#159
J'ai écrit la mort de monsieur M., je l'ai même enterré de mes propres mains. Est-ce pour autant la fin de cette histoire ? Sa mort relève d'une foi à laquelle je refuse de croire. Sa mort n'est peut-être que le commencement. Tout commencement n'est-il pas le commencement d'une fin ?
Sur ces mots, au fond de ma cellule, je me suis endormi, devenant bien malgré moi le spectateur saisi d'un rêve furieux, celui de deux anges sur un fond noir comme la nuit, hurlant et battant dans l'air la vérité encore brûlante d'une voix immortelle :
Ne vous laissez plus aller au cercueil, ne vous laissez pas mettre
dans un cercueil.
On croit qu’avec la mort c’est fini mais c’est là au
contraire que ça commence. Refusez à tout prix par tous les moyens
à toute force de devenir un jour enterrés, d’être le corps d’un
prédestiné enterré.
La mort est comme le reste un envoûtement. Qu’est-ce qu’un
envoûtement ?
Une prière,
un mamtram dans les canaux de l’air qui recharge les canaux
de l’air,
habitacle sans habitacle l’air est plein de mamtram
qui le modèle depuis l’opacité du temps, la mort comme le
reste n’est qu’une poudre de perlimpinpin,
une attrape pour les gogos.
C’est ce qu’on apprend aux enfants qui viennent vivre et ils
voient tellement de gens y croire qu’ils y croient.

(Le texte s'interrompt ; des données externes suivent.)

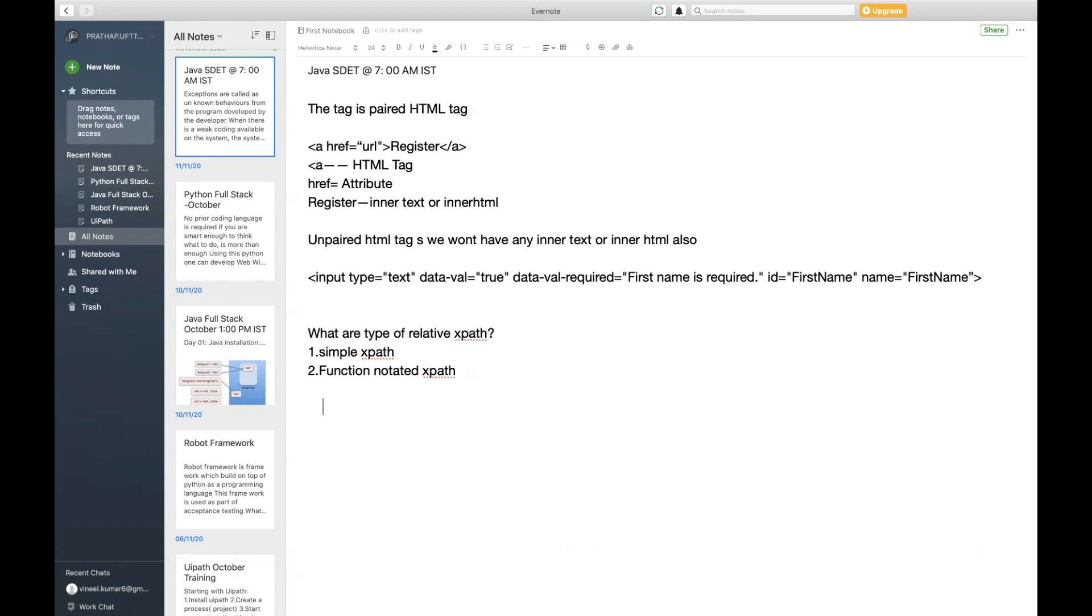Suppose when your elements are going to be dynamic in nature with their attribute property values. In such cases we are going to be using function notated XPath. What are the function notations that are available?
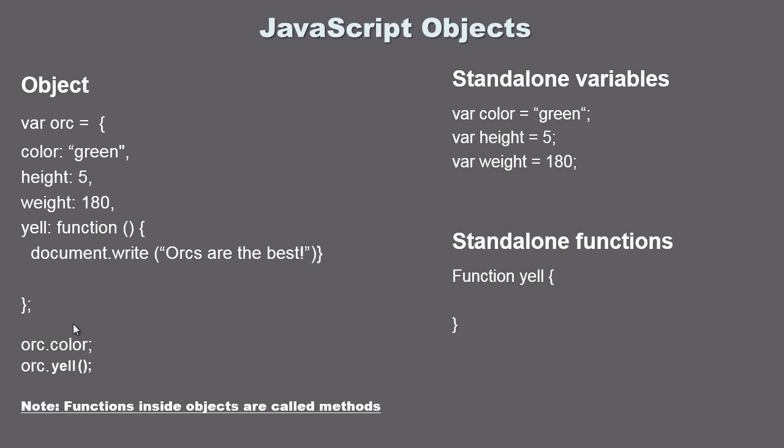Now you will remember in the last video when we want to access something in our object we have to specify the object name, then dot, and then the property, in this case color. We use the same exact syntax to access functions. So once again we need to have the object name first, then we use dot, and then we just specify the method which in this case is our yell method. And then this will get executed and the orc would yell out 'orcs are the best'.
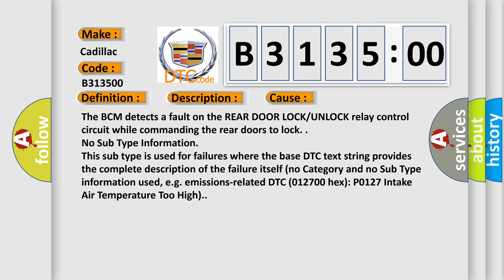The BCM detects a fault on the rear door LOCK-UNLOCK relay control circuit while commanding the rear doors to lock. No subtype information. This subtype is used for failures where the base DTC text string provides the complete description of the failure itself. No category and no subtype information used, e.g. emissions related DTC 012700 hex P0127 intake air temperature too high.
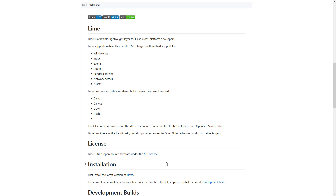Lime is another one of those low level frameworks. This one supports windowing, input, events, audio, render context, network access and assets. It's not technically a renderer, but it exposes a number of options and there's stuff built on top of it. Lime is a low level plumbing kind of technology — it is used in some of these other engines we are about to talk about shortly. You generally wouldn't work at the Lime level unless you were creating your own framework. Most of these things are going to be open source, and that one is MIT licensed.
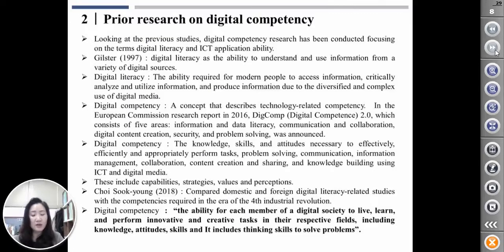It includes knowledge, attitude, skill, and thinking skills to solve problems.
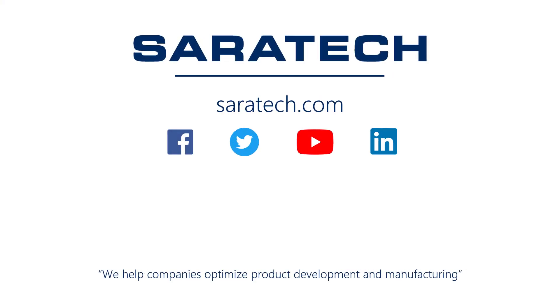Thanks for checking out our channel. If you liked what you saw, make sure to like and subscribe down below so you don't miss out on any new videos. Follow us on LinkedIn, Facebook, and Twitter for the latest engineering news and information. And to see all of our upcoming events, please visit our website at saratech.com/events.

Ceux qui ont repris conscience d’eux et ont voulu lutter contre
le fait ne sont pas morts, ils ont été assassinés, rien comme un
suicidé pendu entre autres pour être un authentique assassiné.
Détachez-vous de cette prédestination qui marque le corps de
tout homme né, on ne meurt que parce qu’on se croit mortel, parce
que les institutions faites par les hommes ont fait croire aux hommes qu’ils étaient mortels.
[…]
J’ai été victime d’un crime social où tout le monde a peu
ou prou trempé le doigt ou mettons, le cil d’une paupière.
Antonin Artaud (dit par Ly Thanh Tien, battu par Didier Lasserre)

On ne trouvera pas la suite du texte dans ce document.